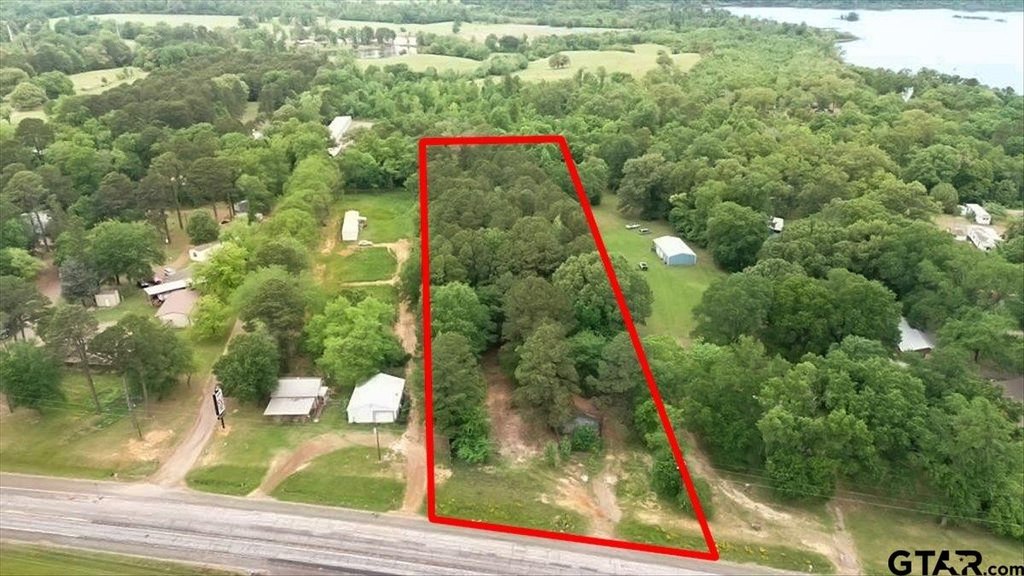 Picture 2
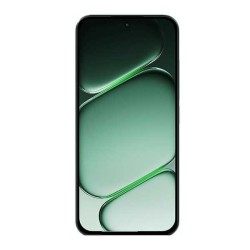 OnePlus N6 LCD Screen Display Black - High Quality OnePlus N6 LCD Screen Display Black - High Quality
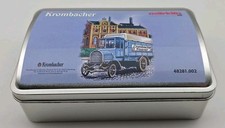 Märklin H0 48281.002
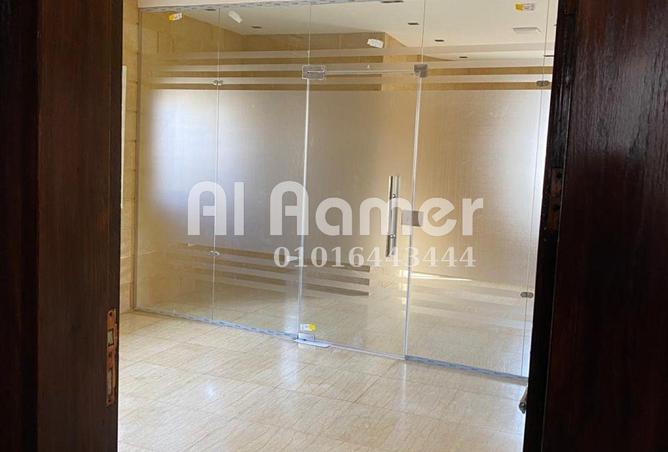 8694331 - صورة العقار 3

→ Work request: Here the lines from the one with "OnePlus N6 LCD Screen Display Black - High Quality OnePlus" through the last line of the data above need to be repeated exactly, both included, and any picture omitted.

→ Answer to the problem:
 OnePlus N6 LCD Screen Display Black - High Quality OnePlus N6 LCD Screen Display Black - High Quality
 Märklin H0 48281.002
 8694331 - صورة العقار 3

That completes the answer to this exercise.